Funny story? As you've gleaned from my anecdote, I'm a straight male; but I’m also an ally to the LGBTQ community. I found hilarity in my parents easily misconstruing my behaviour, but I also experienced deep disappointment in their reactions.

I wanted to get angry. I wanted to start an argument over how they neither should’ve been anxious nor relieved. I’ve already had so many arguments with my parents turn sour over similar issues. But I didn’t feel like taking up arms with my parents that day. “Save it for another day,” I thought. This ‘humorous’ incident was bound to turn into one for reflection.

I kept relating this anecdote to friends and many had a good laugh. But one friend expressed their preference for having a straight child over a gay child. My friend insisted that I’d also prefer to have a straight child, though I had to correct him and say that, for myself, it would not matter - I already have a daughter, the light of my world, whose very name is a flower and of peace: Violeta de la Paz, almost 4 years old. I said to him that if my daughter was to approach me for a talk, with an air of gravity, and if she was to then tell me she’s gay, I'd say to her, “Whew! And I thought you were going to tell me you're religious!”

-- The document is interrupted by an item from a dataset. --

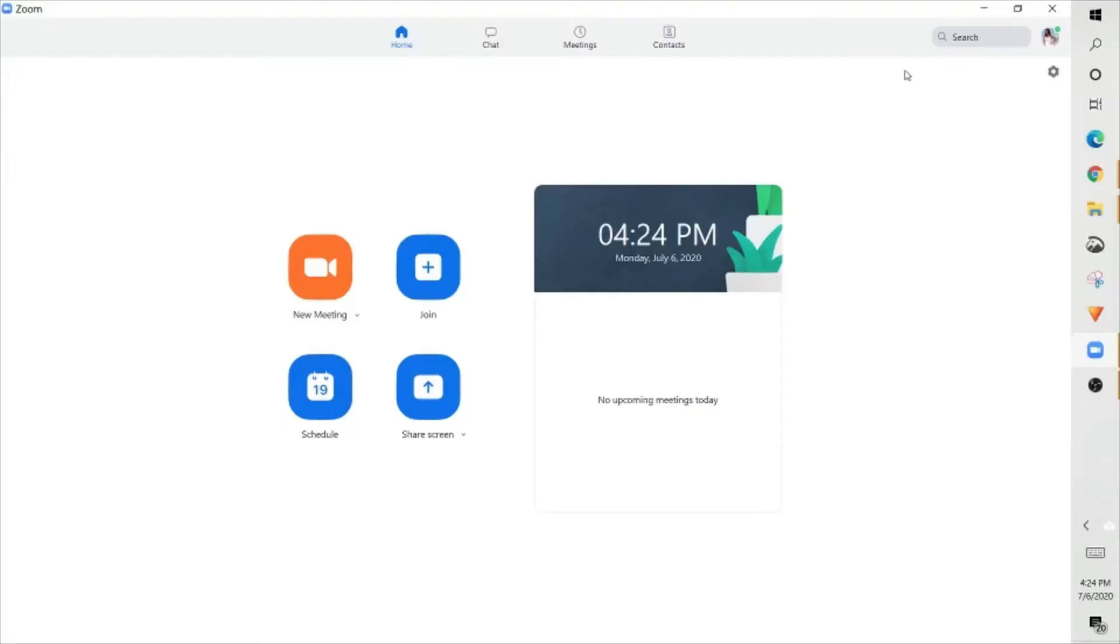So without further ado, let's dive in. There are two different places where you can change your virtual background. The first one is from the Zoom app.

The reason typically cited for those who claim to not be homophobic, yet still prefer that their child to be straight, is that it's easier for child-rearing. There's truth to that. Parents of gay children have to deal with their children facing hardships just because of their sexual orientation in addition to the regular hardships of parenting.

Parents may even face some of their own hardships in virtue of being parents of gay children by other parents or other adults. However - and this is what’s important - this is something that society needs to change, not the child. The hardships that parents of gay children and gay children themselves have to face is not of their own doing, but of society's.

In connection with this, there is a myth that Aristophanes in Plato's Symposium gives in praise of Love. There was a time when there were three kinds of humans: ones that were totally male, totally female, or the androgynous kind, half male and half female.

In these times the humans provoked the wrath of Zeus for having attacked the gods and were thus split in half to diminish them in their power by Zeus. Love, for Aristophanes, was the search for one's other half: “And so, when a person meets the half that is his very own, whatever his orientation, whether it's two young men or not, then something wonderful happens: the two are struck from their senses by love, by a sense of belonging to one another, and by desire, and they don't want to be separated from one another, not even for a moment.”

This reflected the Greek ethos of sexuality: it was taken for granted that one's 'other half' might as well be of the same sex. While we must acknowledge that Aristophanes' myth does not address the entire spectrum of sexual orientation - nor takes into account gender identity - it shows that society can be different because it has been different.

There was a time when society did not chastise persons for falling in love with one of the same sex; it was acknowledged as a possibility. Whereas in today's society, that one has a preference for straight over gay children is symptomatic of the homophobia with which society is diseased. I, for one, refuse to be diagnosed, and I acknowledge that society needs to be cured of this disease and that the child is healthy, regardless of society's ill condition. Society needs to change. Not the child. Let my daughter turn out to be gay and I'll express my fury at the adversity my daughter faces; at adversity, this disease, not my daughter. Let my child be. You change.